Before I always mistook this as anemone, but no. It’s a Mushroom coral!

Katipanan as I vaguely remember was teeming with life, wide coral fields decorated with juveniles. Indeed, it is healthy as it was before but I didn’t see much fish life but large swarms of juveniles were visible. Surprisingly, my favorite garden eels came into view but not without Angel pointing it out to me. Their bodies half-way up poking from their holes on white sandy area, perhaps eyeing for food but as soon as we get nearer they went down slowly.  Few stood their grounds and I paused momentarily, I just love watching the eels! We found a turtle resting above the corals, not moving even we got near. The turtles in this island are generally friendly, perhaps they got used already to human visitors!  I was taking my time while floating weightlessly, just as it is, while it was choppy at the surface, beyond it was all serene and relaxing.  It was a surprise there were group of jacks that graced as we swam around for the coral fields, a banded sea snake appeared also wiggling among the corals which we promptly evade. 🙂 We had our safety stop over the corals until we got near under our dive boat. We had 21.5 meters as deepest with 42 minutes bottom time.

A common sight on healthy marine environment, juveniles over a colorful coral field!

We had light meals that served as our surface interval, it was bit windy though and staying on the boat felt cold. The waves getting fierce in the afternoon, the waters more choppy.

The boat moved to the Chapel for our last descent, finding refuge in another dive boat as the waves tossed us. Again, we waited for the two divers after we had the giant stride – the waves kept tossing us and I practically stayed near my buddy for safety.  It took forever waiting for them, but as soon as we got down there was silence and the current was just mild. We were on coral fields again, just flourishing beating each other!

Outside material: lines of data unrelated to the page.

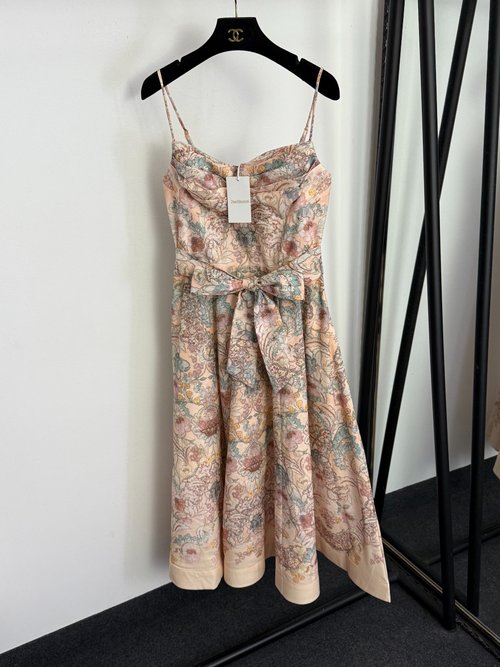 Zimmermann Pink & Blue Floral Print Bow-Tie Waist Sling Dress
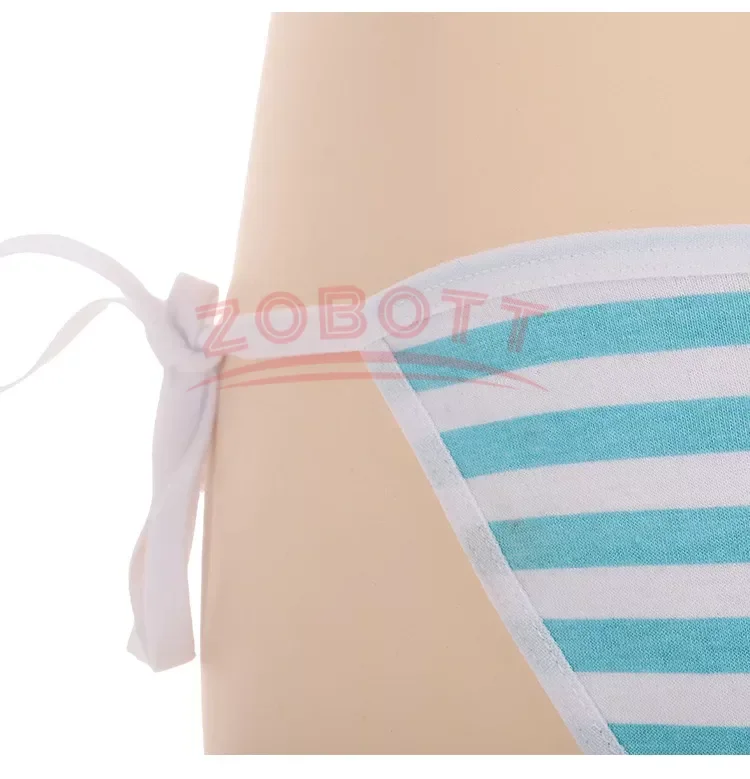 Anime Miku Kawaii Mini Bikini Cosplay Blue White Striped Micro Bikini 2019 Swimming Suit for Women Tie Side Swimsuit Set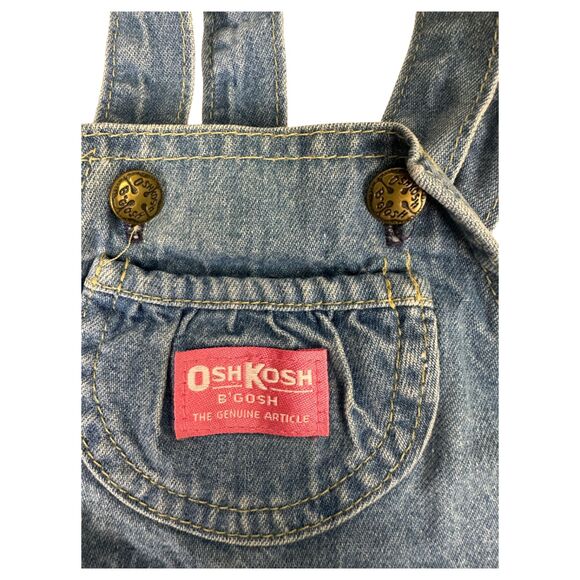 Oshkosh Vintage Vestbak Denim Bubble Romper Medium Wash Size 3-6 Months - Picture 6 of 7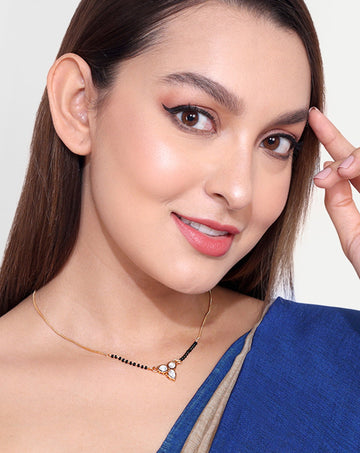 Beautiful Three Flower Polki Mangalsutra - Abdesignsjewellery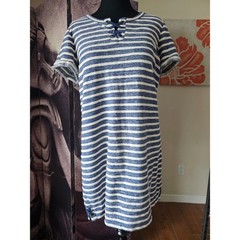 Style & Co Blue White Striped Short Sleeve Dress Lace Up Women&rsquo;s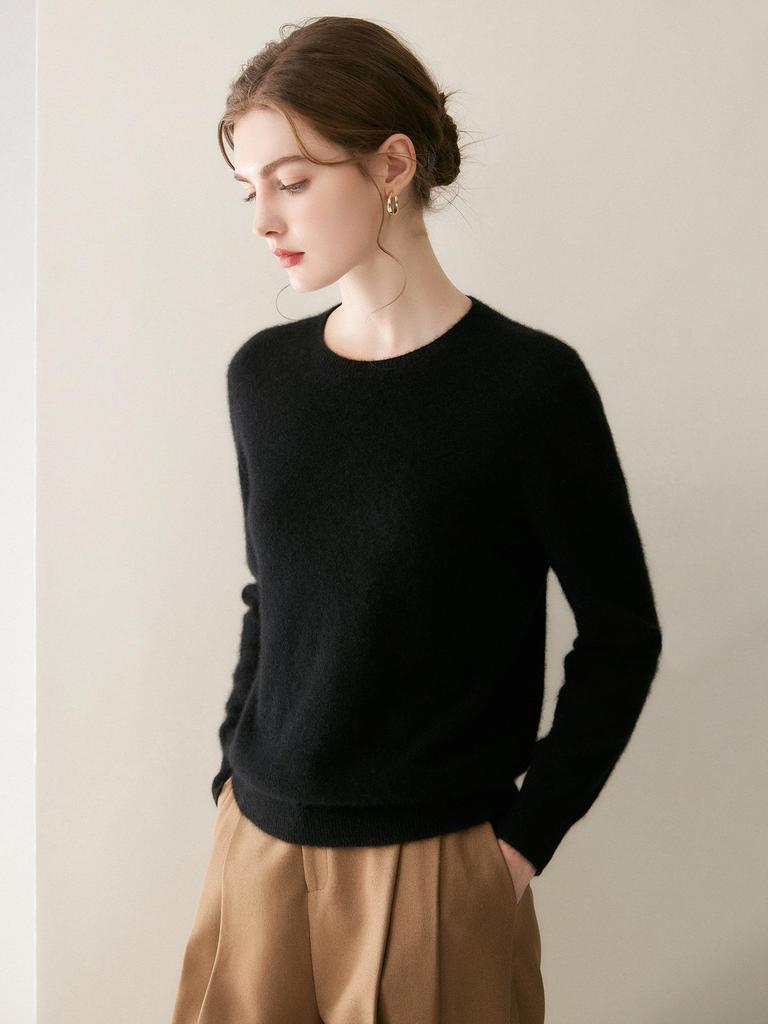 Women's Versatile 100% Cashmere Sweater – Round Neck, Loose Knit Base Layer for Autumn/Winter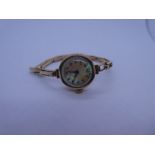 Antique 9ct gold cased ladies watch with Mother of Pearl dial and numbers, case marked 375, 95667, m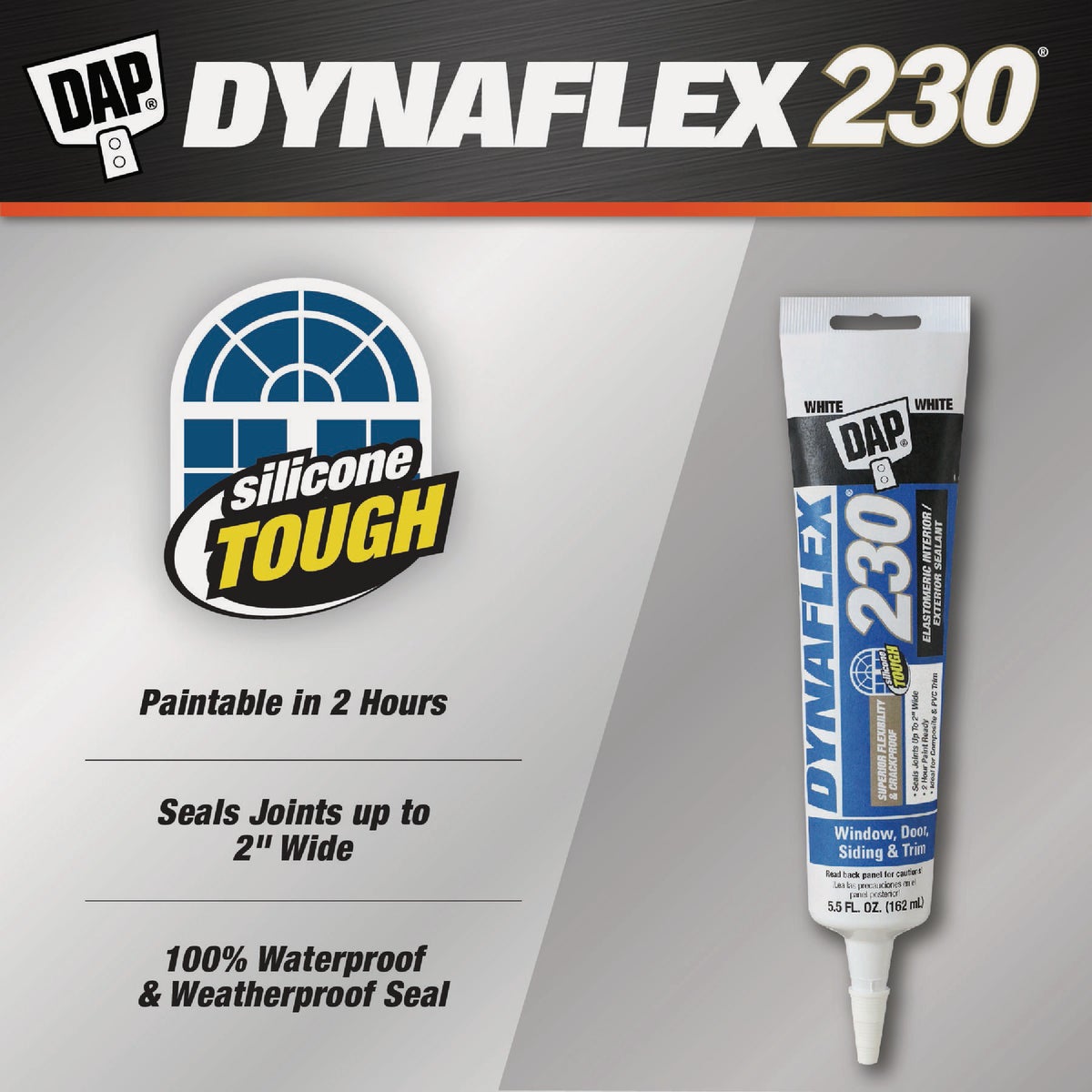 Dap Dynaflex 230 5.5 Oz. 100% Waterproof Window, Door, Siding & Trim Elastomeric Sealant, Clear Image 2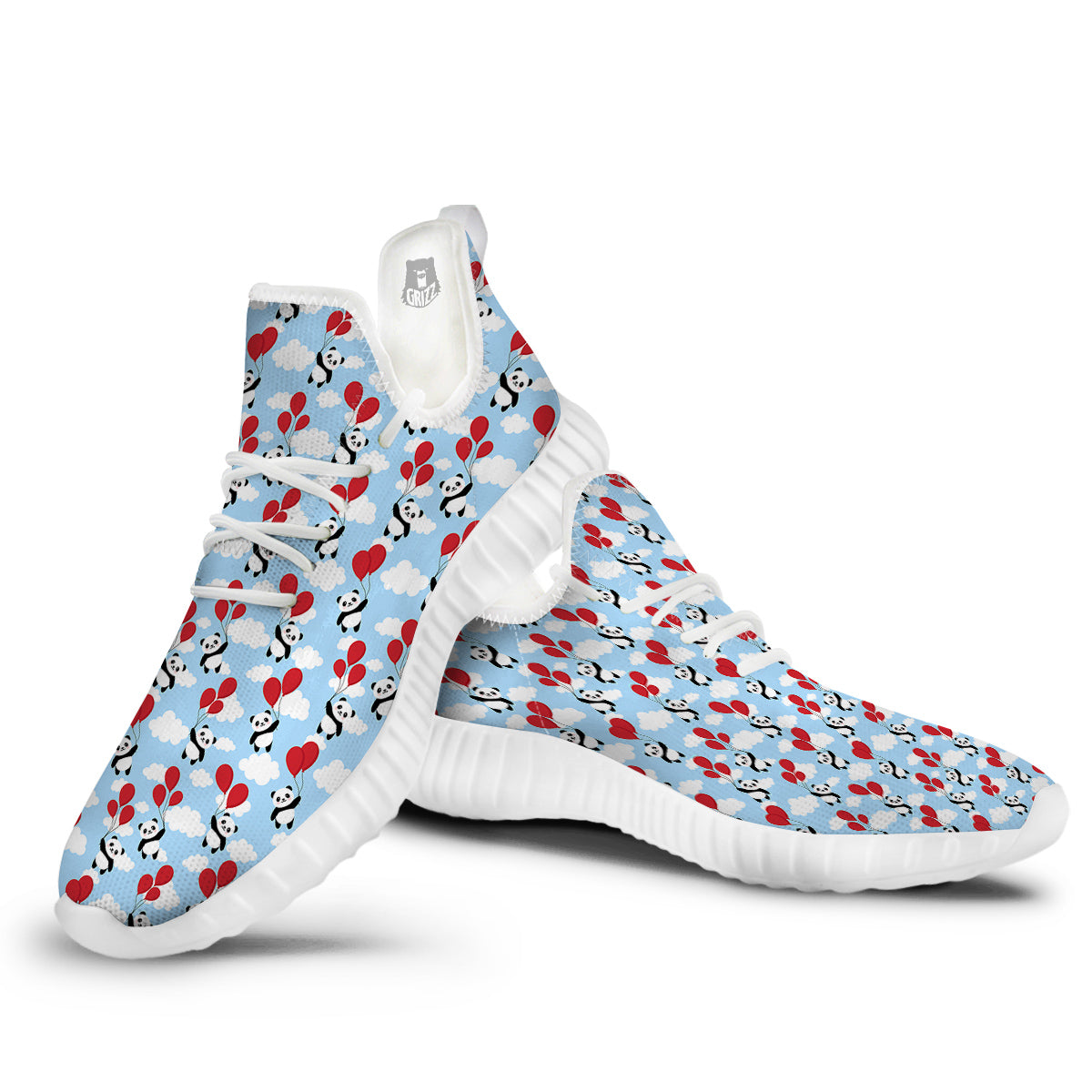 Balloon And Cute Panda Print Pattern White Walking Shoes-grizzshop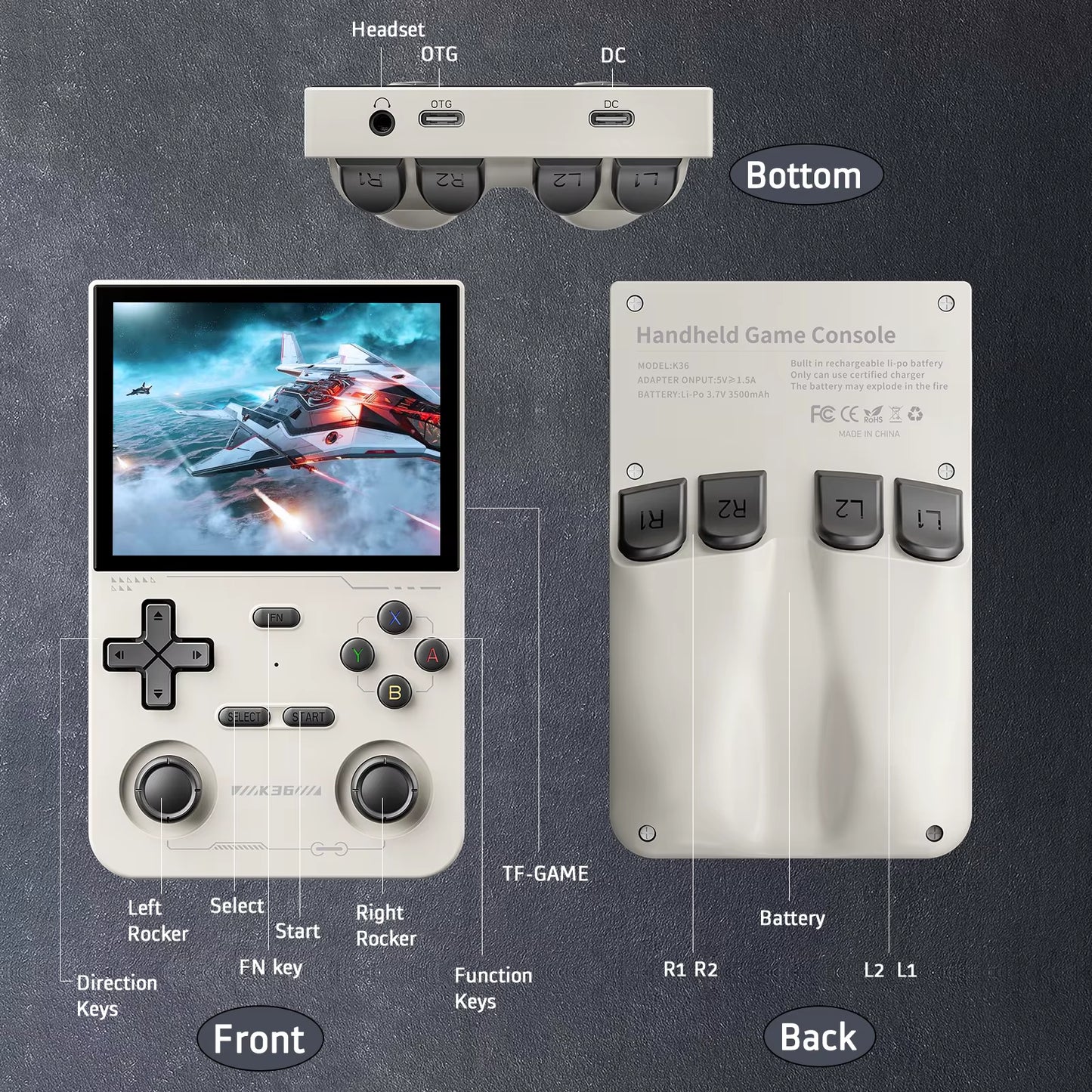 Open Source K36 Retro Handheld Video Game Console 16000 Games Emulator for PS1/PSP/DC/N64/SS 500Nit 3.5 Inch IPS Screen
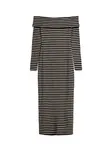 Bershka Pletené šaty  čierna / biela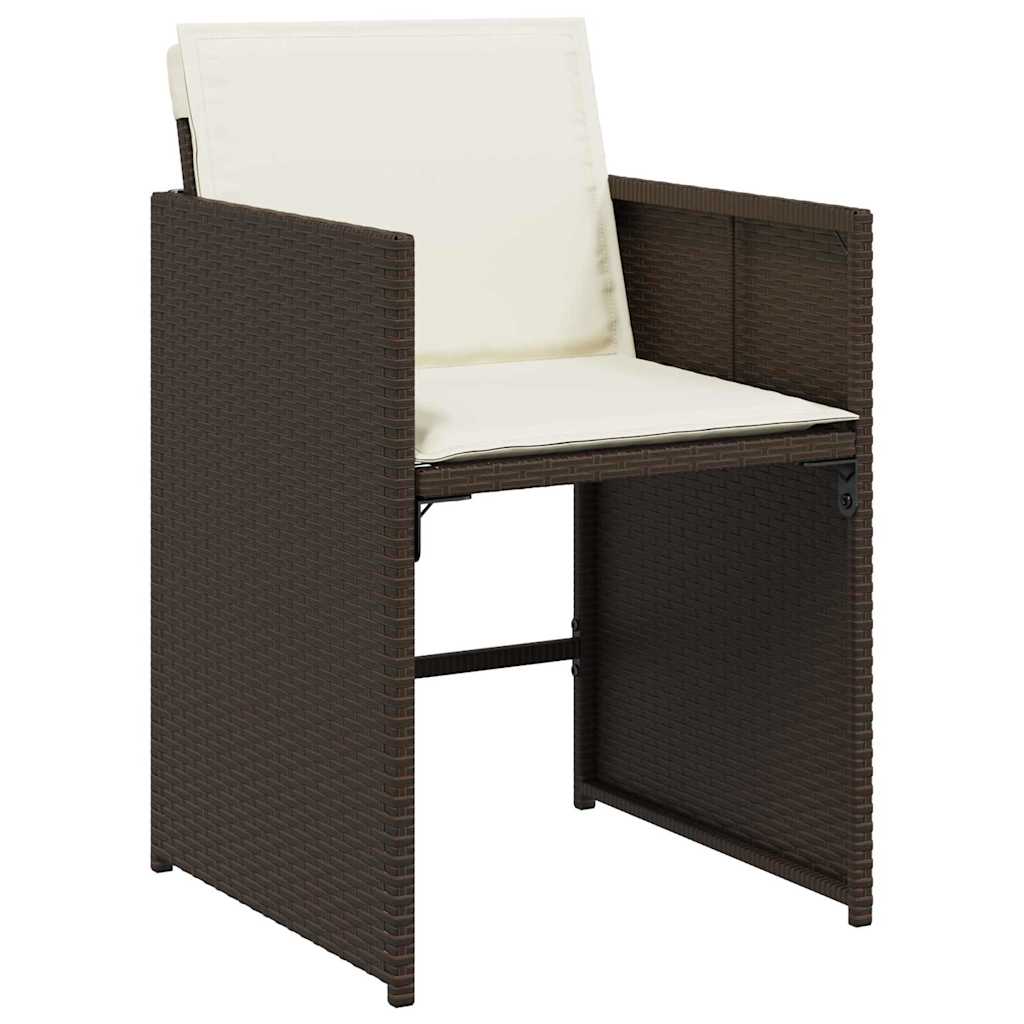 Garten Essgruppe mit Kissen 9 pcs Braun Poly-Rattan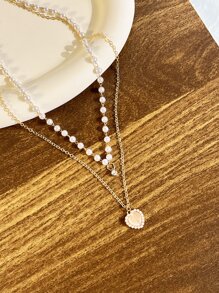 Ngọc trai Giả & Đồ trang trí Rhinestone Mặt dây chuyền trái tim Vòng cổ nhiều lớp - Bạc - Xem 4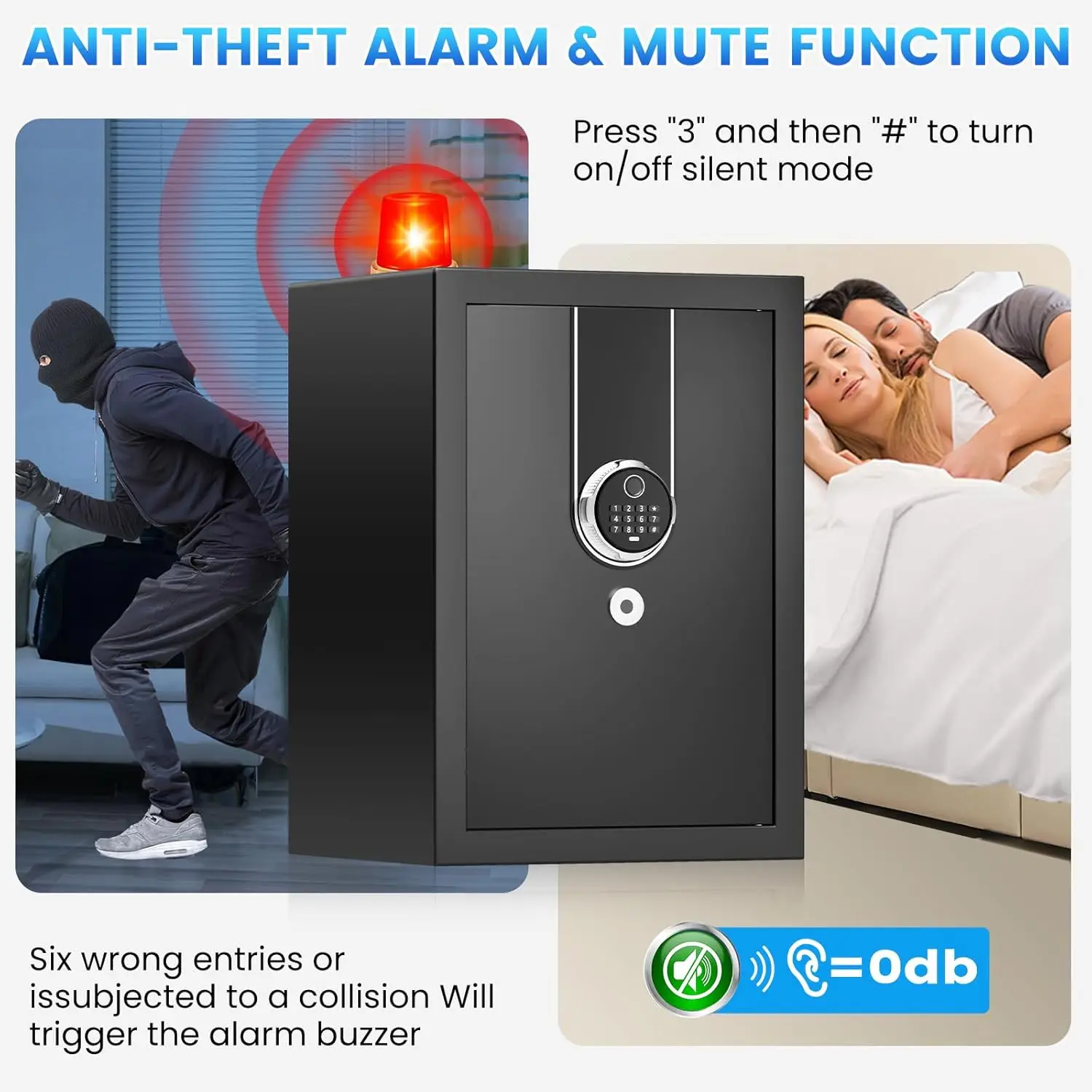 3.0 Cuft Large Biometric Safe Box, Personal Safes for Home Use Fire and Water Proof with Fingerprint Lock, Fireproof Safe with F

Different hard and soft corals abound the area, there were nudis and my favorite moray eel appeared for me too, it was a giant one. The gentle turtles again – well, it won’t be Apo island without the turtles!  We roamed the colorful coral fields just near our dive boat until we had our safety stop. We ascend still with 110 bars after 55 minutes bottom time.

Found some nudis at the Chapel

The two relaxing dives were just perfect, after the works during the expedition it was what I needed. No pressures, just purely at peace with my favorite critters wanting to connect with them in their natural habitat. The marine environment of Apo Island is healthy as of now but I am not sure if this can be maintained. I was bit troubled of the large swarm of snorkelers and even divers, such bulk of disturbance is surely detrimental for the marine life. I fervently hope the community shall be mindful of the risks and inevitable impacts in a better perspective.

Looking up for the sunlight, can you see the turtle?

We silently cruise back to the shores of Dauin, bearing the cold winds and salt water spraying us from the fierce waves. Again, the cruise took forever but felt relieved that the shores was very calm.  Angel and I flashed a wide smile as we talk about Casablanca and Sans Rival as we drove back into the city.

Dumaguete City, pure lovely in every way!